Retype, word for word, every line from the one holding "thumbnail image 2" through the one holding "Dress-Up Capybara Plush" in the entries below, both included, and only those lines.

-- Record set follows --

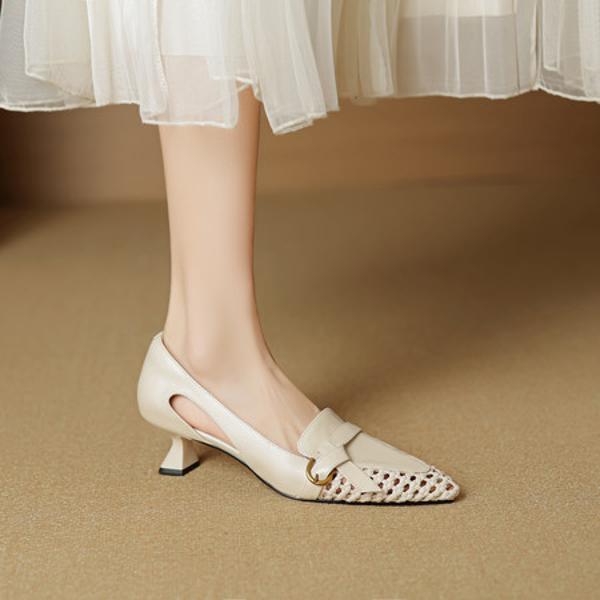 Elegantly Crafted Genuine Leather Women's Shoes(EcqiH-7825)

-- Record set concluded --
-- Record set follows --

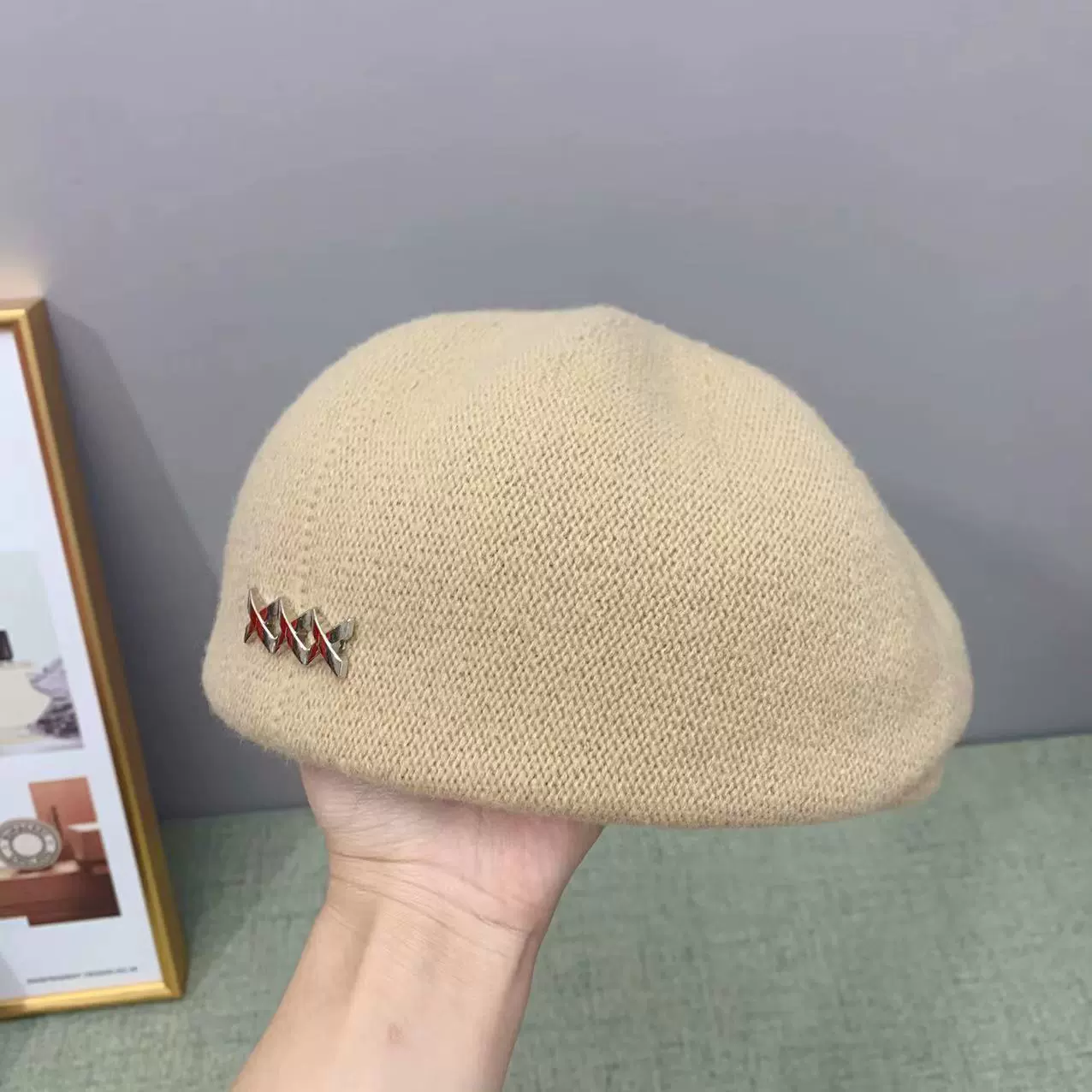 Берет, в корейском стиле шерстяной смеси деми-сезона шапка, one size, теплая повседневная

-- Record set concluded --
-- Record set follows --

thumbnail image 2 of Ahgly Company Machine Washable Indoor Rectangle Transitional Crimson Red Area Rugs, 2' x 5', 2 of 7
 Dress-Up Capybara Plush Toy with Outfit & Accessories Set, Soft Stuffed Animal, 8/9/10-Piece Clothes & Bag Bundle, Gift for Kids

-- Record set concluded --

= Your response =
thumbnail image 2 of Ahgly Company Machine Washable Indoor Rectangle Transitional Crimson Red Area Rugs, 2' x 5', 2 of 7
 Dress-Up Capybara Plush Toy with Outfit & Accessories Set, Soft Stuffed Animal, 8/9/10-Piece Clothes & Bag Bundle, Gift for Kids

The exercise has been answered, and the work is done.